Llevo años intentando escribir una novela. No quisiera morirme sin hacerlo, pero lo cierto es que los pasos que he dado han sido muy cortos. Hace falta tiempo. No soy escritor, solo alguien que escribe ocasionalmente. Sería una falta de respeto a los profesionales. Solo la comprarán algunos familiares y amigos (y por compromiso). Ninguna editorial estará interesada. En el fondo, todas esas justificaciones que aplacan mi cabeza son los disfraces del miedo.

El miedo a no estar a la altura. A que el resultado final corrobore mi incapacidad. A no tener conocimientos suficientes. A decepcionarme a mí mismo por no saber extrapolar al papel lo que boceto en mi cabeza. A tener que abortar la misión a mitad de camino. A admitir que no estoy a la altura de mi sueño. A la cobardía de no ser valiente.

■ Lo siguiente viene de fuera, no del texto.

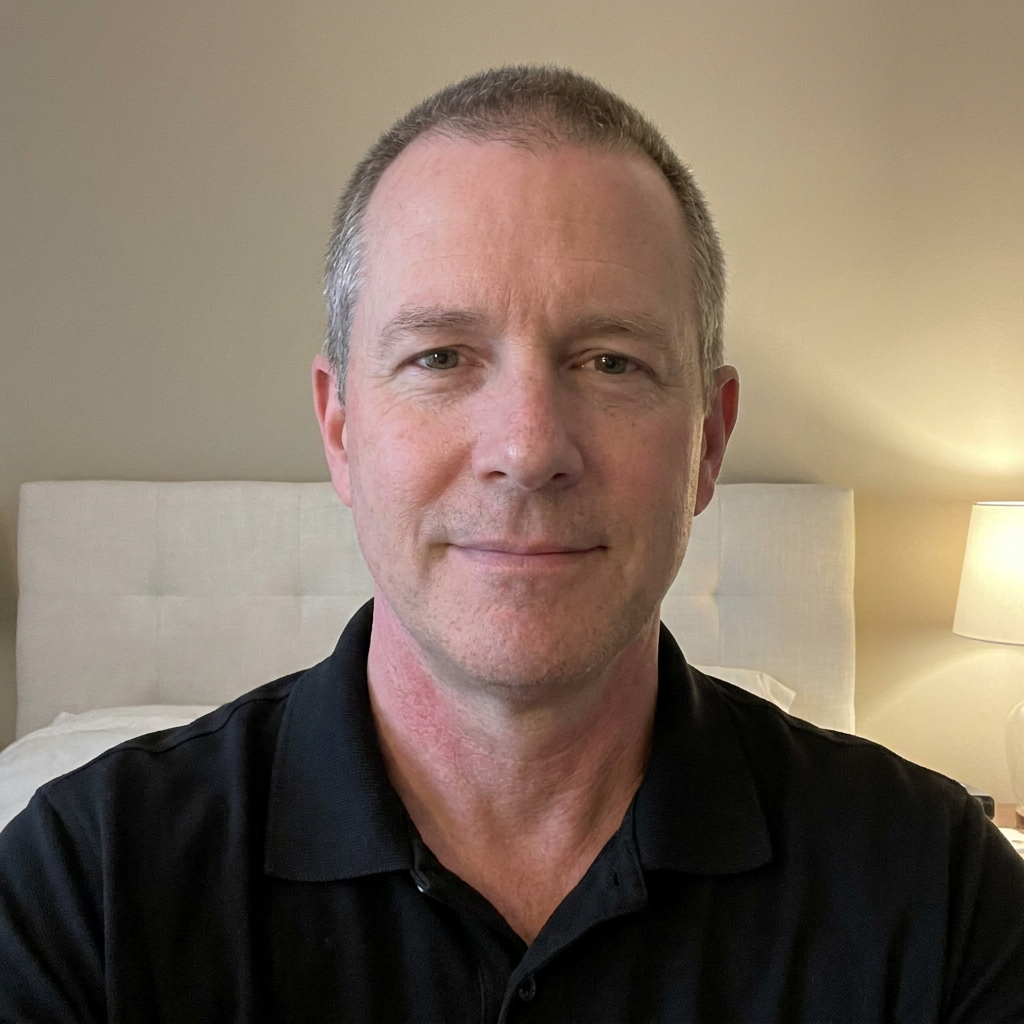 <em>Greg P., Seattle</em>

Esas tribulaciones no son una manifestación con pancartas y voces chillonas en la puerta de mi ordenador, no. Las muy canallas viven escondidas bajo los centros nerviosos, desactivando cables desde dentro; vertebradas por un silencio mucho más irritante que cualquier grito externo. Un autoboicot involuntario. Supongo que alguien que lea esto me escribirá y me animará a atreverme. "Tú estás tonto, claro que puedes". Me pregunto si alguien me dirá: "Haces bien. Si no te ves preparado, no crees esa presión innecesaria".

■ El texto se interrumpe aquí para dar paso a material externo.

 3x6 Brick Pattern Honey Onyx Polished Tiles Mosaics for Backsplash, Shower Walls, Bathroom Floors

Y es que siempre me intriga qué pasa con lo que uno escribe. Hay quien te traslada su opinión ocasionalmente (gracias) y quien no falla nunca (millones de gracias). Más allá de cómo interpreta cada cual los distintos mensajes, desde el momento en que el artículo está terminado, se abre la puerta de toriles para expectativas y fantasmas. Hoy en día los textos digitales se pueden medir; tendrá 12, 250 o 5.000 visitas, pero no los sentimientos que uno experimenta cuando los lee. Me gustaría sentarme con un café ante quien me ha leído y me contara sin ambages qué le ha parecido. Porque es una suerte indescifrable: he escrito artículos convencido de que gustarían bastante y pasaron desapercibidos; y otros en los que maldije a musas de garrafón que me devolvieron elogios inesperados. Me gustaría saber si alguien abandona la lectura a mitad de texto, quién está deseando que me quiten mi privilegiado escaño de escritura harto de mí. Si se aprecian algunas metáforas sesudas, un juego de palabras bien traído o los mensajes sutiles que a veces oculto bajo el techo de las letras.

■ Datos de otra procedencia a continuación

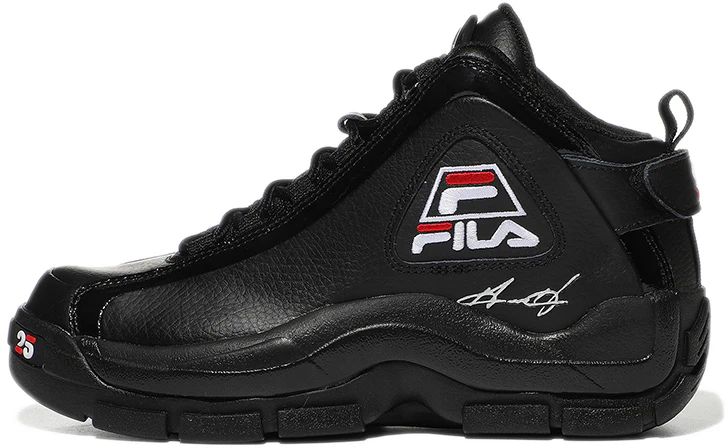 fila-retro-high-top-basketball-black-korean-edition-1-bm-01374-d-014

Si cada lunes me hago estas preguntas (y más que no caben aquí), no me quiero imaginar la erosión que supondría un libro. Porque eso de la soledad del escritor es mentira. Uno escribe con su peor crítico (uno mismo) y multitud de personas que, te lean o no, están ahí sumiéndote en preguntas dolorosas. Aunque solo existan en tu cabeza.